▶ **Extracted information**:
────────

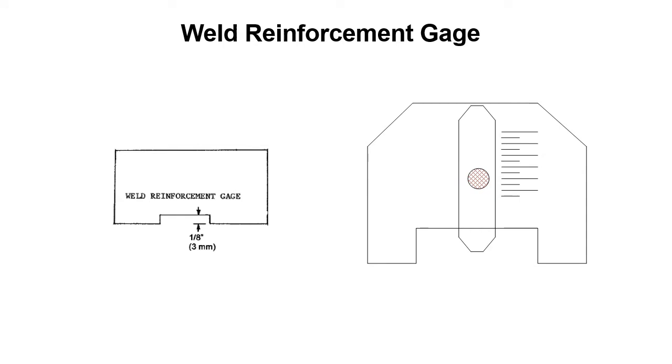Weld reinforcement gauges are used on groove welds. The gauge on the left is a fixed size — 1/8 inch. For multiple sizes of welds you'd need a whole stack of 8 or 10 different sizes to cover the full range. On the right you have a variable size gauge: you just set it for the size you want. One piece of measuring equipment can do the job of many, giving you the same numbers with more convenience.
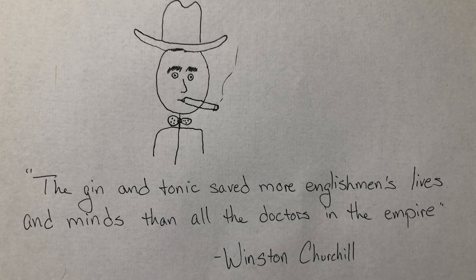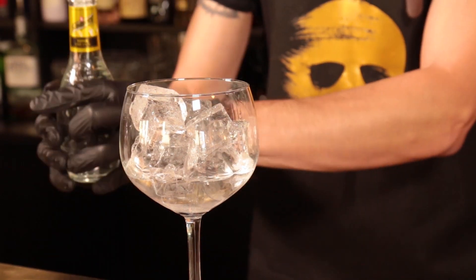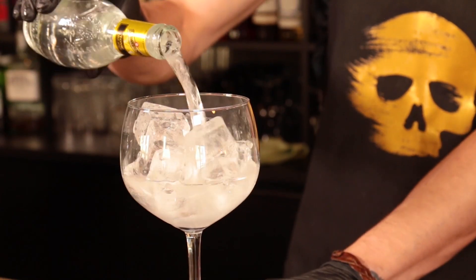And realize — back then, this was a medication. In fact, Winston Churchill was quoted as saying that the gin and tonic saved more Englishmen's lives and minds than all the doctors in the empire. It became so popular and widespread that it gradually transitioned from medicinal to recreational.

────────

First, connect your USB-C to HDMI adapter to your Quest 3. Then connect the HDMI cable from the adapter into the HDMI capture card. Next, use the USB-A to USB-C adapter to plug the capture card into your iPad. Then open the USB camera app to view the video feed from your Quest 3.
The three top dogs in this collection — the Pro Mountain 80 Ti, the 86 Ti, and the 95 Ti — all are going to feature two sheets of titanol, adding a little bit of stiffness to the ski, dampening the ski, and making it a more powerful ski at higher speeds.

────────

▶ **Problem description**:
Give back the exact lines above, running from the one that has "Weld reinforcement gauges" through the one that has "And realize —", with nothing added and no pictures.

▶ **Exercise solution**:
Weld reinforcement gauges are used on groove welds. The gauge on the left is a fixed size — 1/8 inch. For multiple sizes of welds you'd need a whole stack of 8 or 10 different sizes to cover the full range. On the right you have a variable size gauge: you just set it for the size you want. One piece of measuring equipment can do the job of many, giving you the same numbers with more convenience.
And realize — back then, this was a medication. In fact, Winston Churchill was quoted as saying that the gin and tonic saved more Englishmen's lives and minds than all the doctors in the empire. It became so popular and widespread that it gradually transitioned from medicinal to recreational.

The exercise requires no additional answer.